Now we can write XSLT templates to process the grammar productions and generate state machines. I’m not going to go into the algorithms here; for that I strongly recommend the Dragon Book, but basically I need to process the grammar recursively, depth-first, turning each element into a little state machine and then returning to its parent and turning that into a larger state machine that incorporates the children. When I get back up to the top level I’ll be left with one big state machine that implements the entire grammar production.

This is a simple algorithm for most programming languages, but it is awkward to implement in XSLT 1.0. This is because XSLT 1.0 makes a distinction between node sets, which are sets of XML nodes selected from the input document, and result tree fragments, which are fragments of XML generated by templates. Result tree fragments are intended to go to the output rather than being kept around for further processing, so you can’t recursively apply templates to them.

This is where EXSLT comes in. Among its many useful extension functions is one called exslt:node-set(), which does just what we want:

The exsl:node-set function returns a node-set from a result tree fragment (which is what you get when you use the content of xsl:variable rather than its select attribute to give a variable value). This enables you to process the XML that you create within a variable, and therefore do multi-step processing.

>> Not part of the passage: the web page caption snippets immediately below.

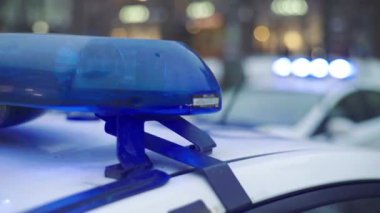 Gece bir polis arabasının çatısında teşhirci. Yanıp sönen.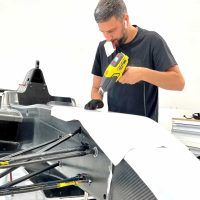 CARLOS CARTELLONE HACIENDO WRAPPING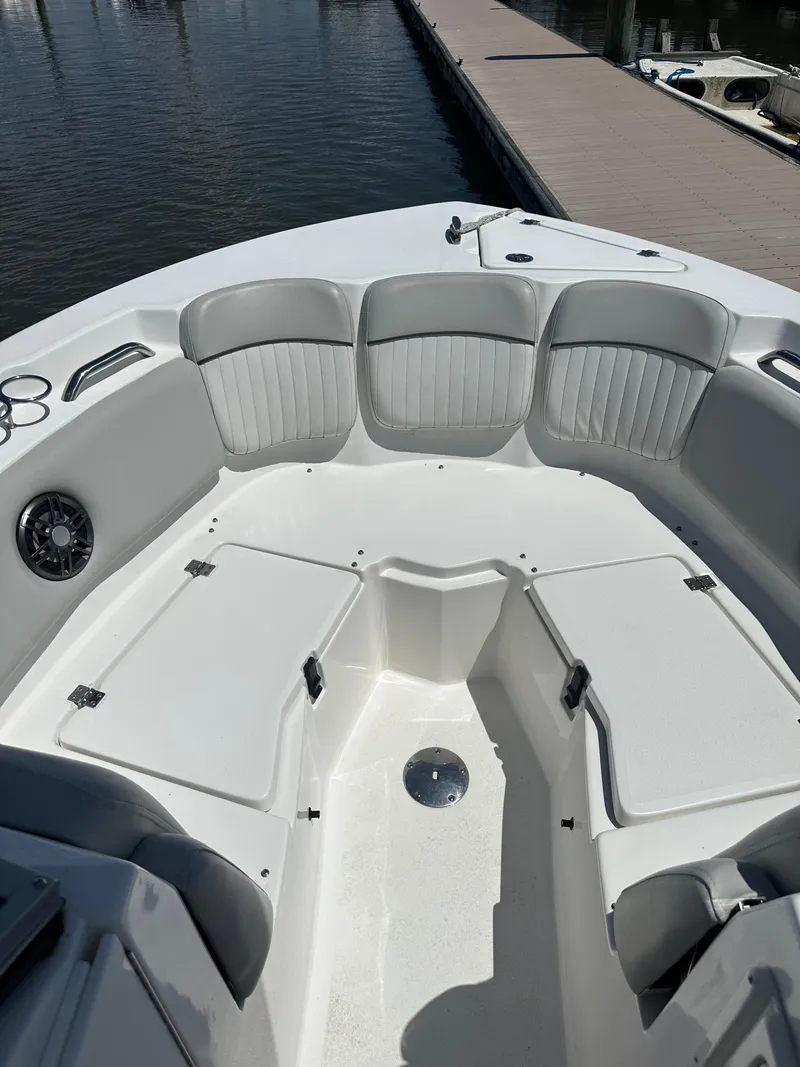 Slide: The Image of 2024 Sea Fox 226 Traveler boat interior with cushioned seating and storage compartments. - 10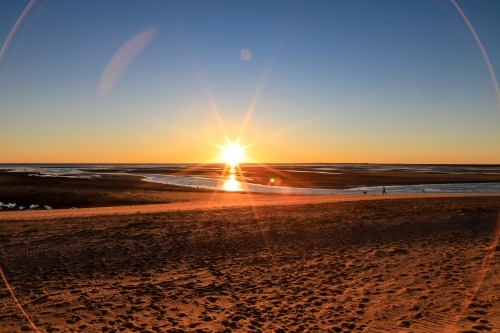 Sun rising through blue sky over ocean channel and sandy coastline - Australian Stock Image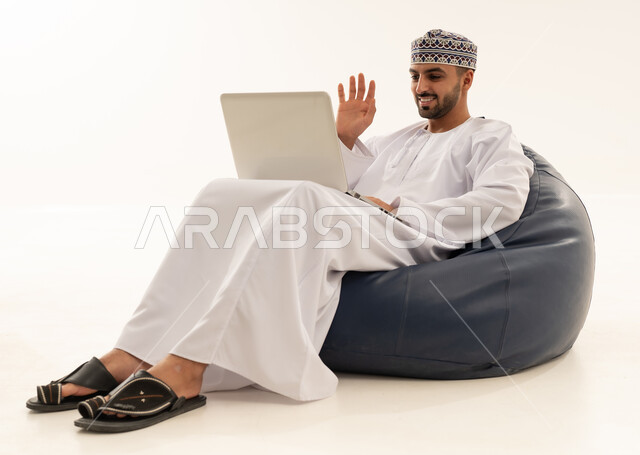 رجل عماني بالزي التقليدي يجري مكالمة فيديو باللابتوب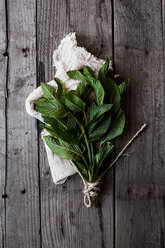 Overhead view of mint leaves bunch on wooden table - CAVF12119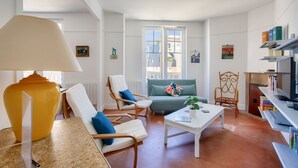 Ein Wohnzimmer mit einer Couch, Sesseln, einem Couchtisch und einer Lampe.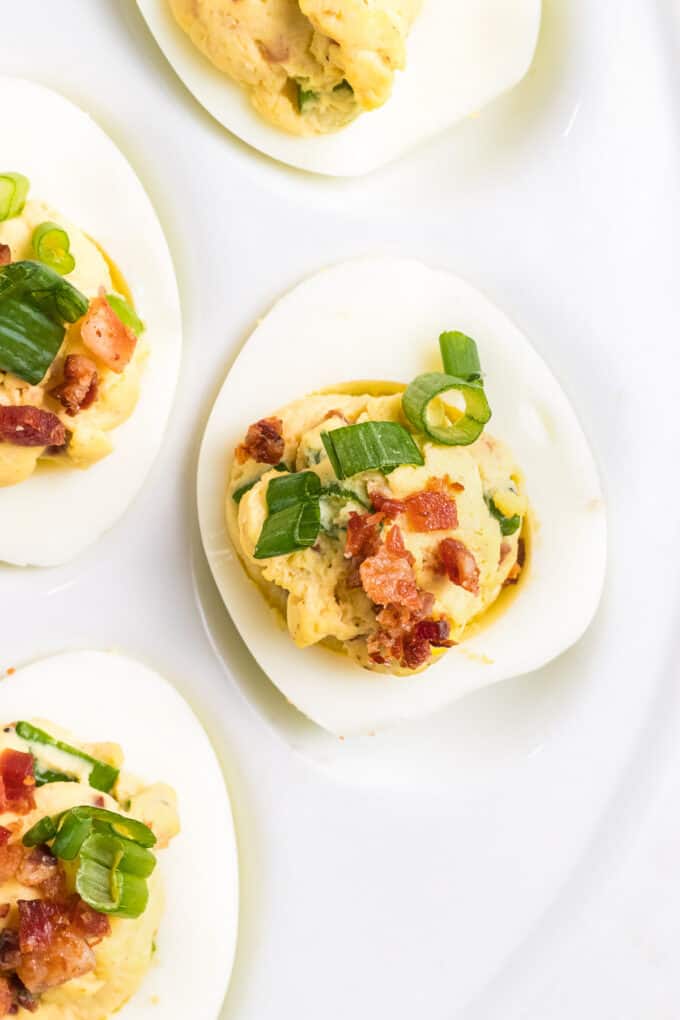 A close image of a deviled egg with a creamy filling and fresh chopped green onions and crispy bacon on top.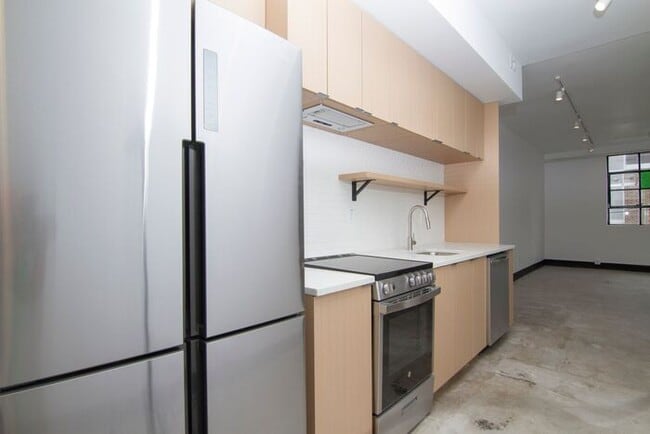 Building Photo - Check out this studio ! We want you to cal...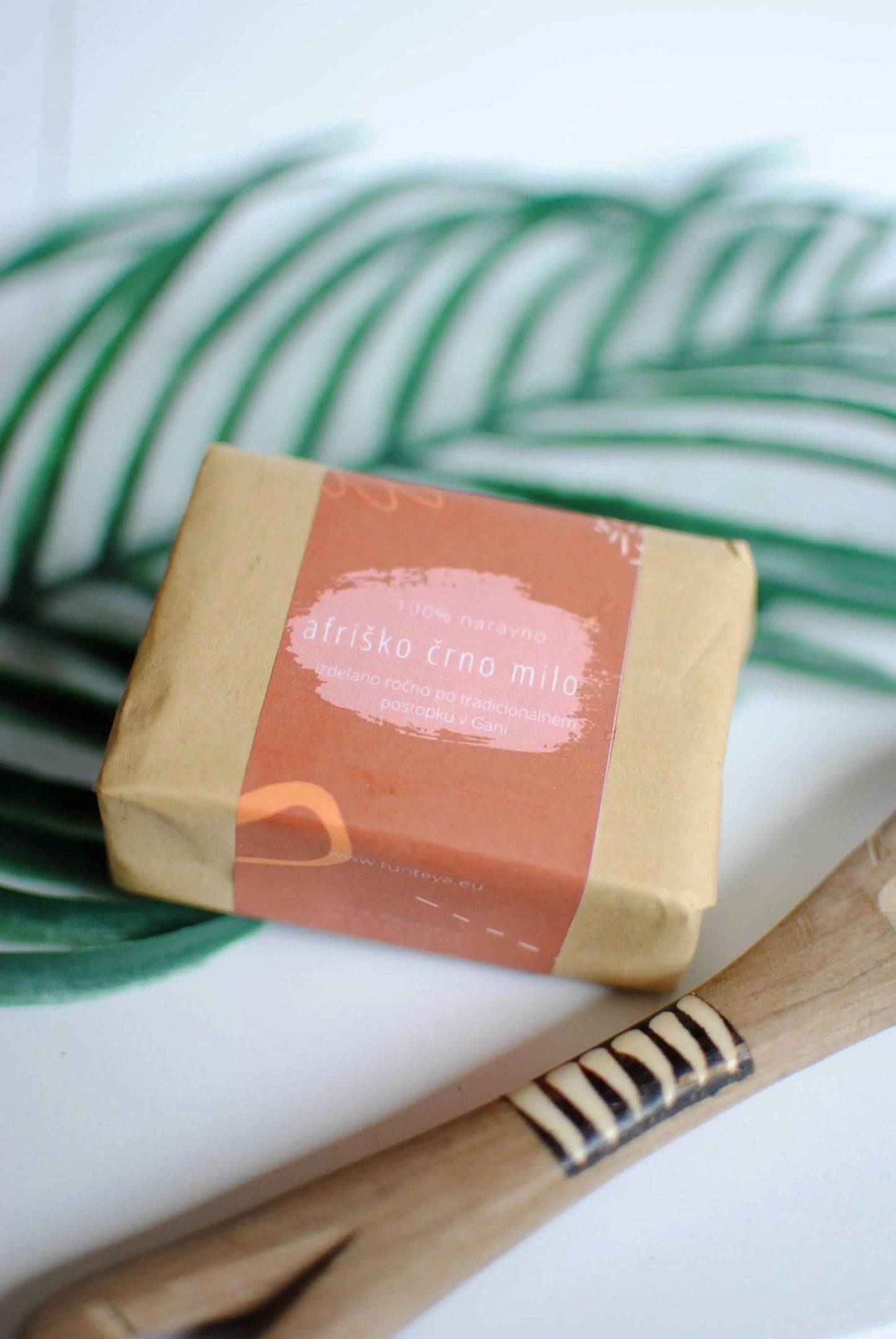 Handcrafted African Black Soap with organic shea butter for moisturizing and treating skin conditions like acne and psoriasis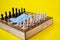 Board game, wooden chess and a medical mask on a yellow background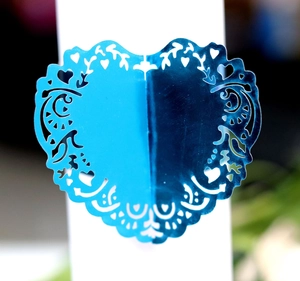 Detail of laser-cut heart napkin ring in bright blue with intricate vine patterns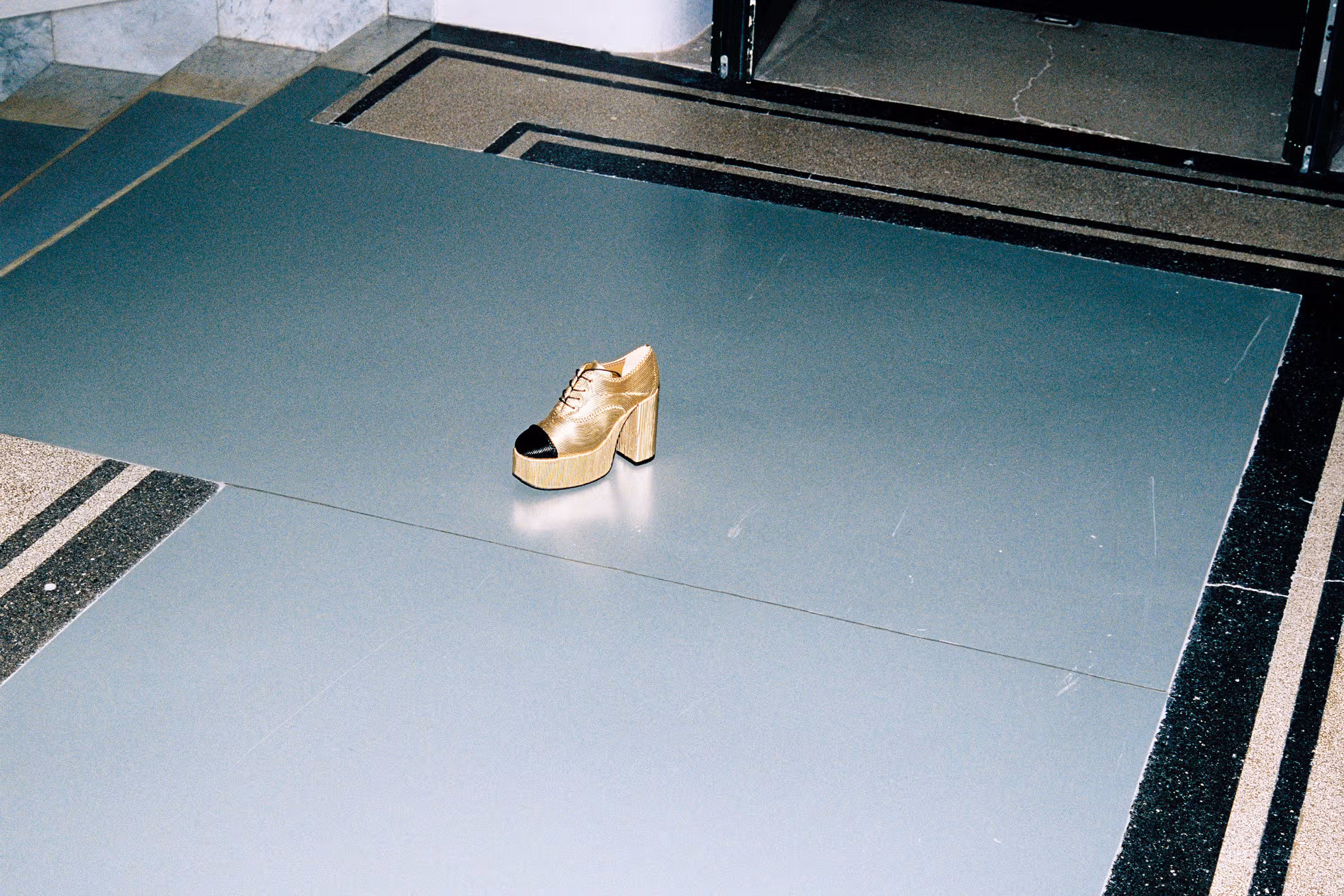 Shoe by CHANEL.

As an example I’ll show how I can use this function to simplify the template for processing the <oneOrMore> grammar element. As with regular expressions, we can treat <oneOrMore> as being syntax sugar for <zeroOrMore>, because the regular expression a+ is exactly equivalent to aa*. This is great, as it means we only need to write one tricky template to handle <zeroOrMore>, and the template for handling <oneOrMore> can just expand it like a macro. Here is the complete template:

<xsl:template match="oneOrMore">
 <xsl:variable name="expansion">
  <sequence>
   <xsl:apply-templates mode="copy"/>
   <zeroOrMore>
    <xsl:apply-templates mode="copy"/>
   </zeroOrMore>
  </sequence>
 </xsl:variable>
 <xsl:apply-templates select="exslt:node-set($expansion)"/>
</xsl:template>

The template expands the <oneOrMore> element into a <sequence> containing the original children followed by <zeroOrMore> with the original children repeated, thus turning a+ into aa*. Once this is done we can apply templates recursively to the expansion of our macro, as if the <oneOrMore> element was never in the original document at all. This is an easy way to handle any elements which exist for user convenience and can be recursively expanded to a longer sequence of simpler elements.

So if there is something you need to do in XSLT 1.0, give EXSLT a try. Many XSLT engines support it and it is a handy way to bridge the gap between XSLT 1.0 and 2.0.